Bottoms served on the Atlanta city council while Reed was mayor and he appointed her in 2015 to run the Atlanta Fulton County Recreation Authority (AFCRA) simultaneously, something that was seen as a conflict of interest by some, as the jobs served different constituencies, according to ABC News.
“The Authority is a separate agency, and prior to acceptance of the position, the City Ethics office confirmed that it was permissible to accept the position, as long as then Councilmember Bottoms recused herself from any related votes, which she did,” a spokesperson for Bottoms told ABC News.
In 2017, Bottoms beat a crowded field of 10 mayoral candidates likely with the help of Reed’s endorsement and promise “to do everything I can to make sure this woman wins.”
His support helped her get a bevy of high-dollar donations, leading her to raise more than twice the amount of her next closest opponent.
“She would not be mayor if not for Kasim Reed’s help,” one of her opponents, former state senator Vincent Fort, told ABC. He called the alleged corruption in Reed’s administration “unprecedented.”
During the election, Bottoms was forced to return a $25,000 donation to a contractor involved in the pay-for-play investigation and stirred controversy by allowing a Texas-based CEO -- who had just gotten a contract from the AFCRA while she was still running it -- to hold a fundraiser for her, ABC reported.
In all, 10 people have been charged in the pay-for-play investigation: Seven have pleaded guilty and six have been given prison sentences, according to ABC.

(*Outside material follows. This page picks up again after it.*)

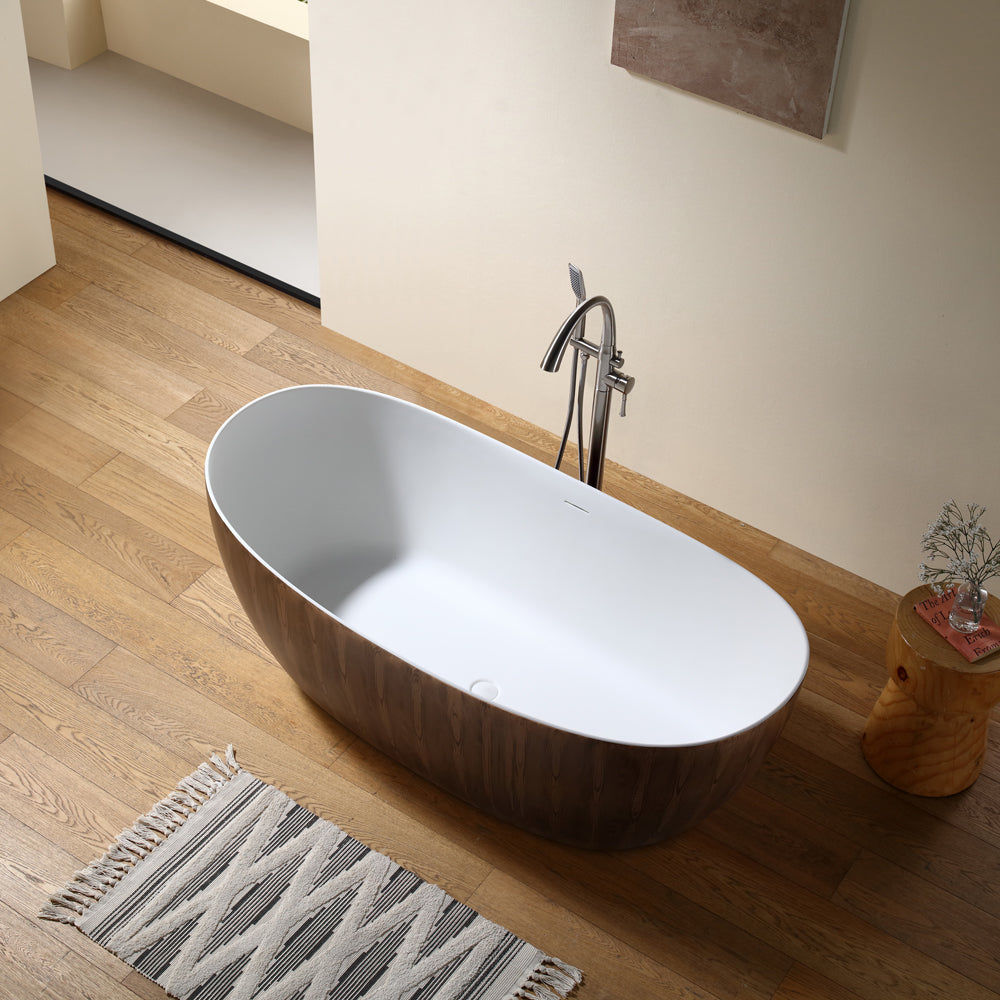 Vanityfus 30-in x 67-in Pure White Wooden Tone Solid Surface Oval Freestanding Soaking Bathtub with Drain (Center Drain)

Bottoms' office told ABC News she “has not been interviewed on the federal probe matter, nor does she have any reason to believe she would or should be, as this investigation is centered around the previous administration.”
But even if Bottoms isn’t involved in the investigation, coverage of the trial of one of Reed’s former top advisers that is set to start in the fall could damage her politically and bring unwanted attention right before the presidential election.
Biden promised to choose a woman as his running mate months ago and is under pressure to pick a woman of color as the discussion of race and racism deepens in the country.
Others reportedly on his shortlist include Sens. Kamala Harris, Tammy Duckworth and Elizabeth Warren, former national security adviser Susan Rice and Reps. Val Demings and Karen Bass.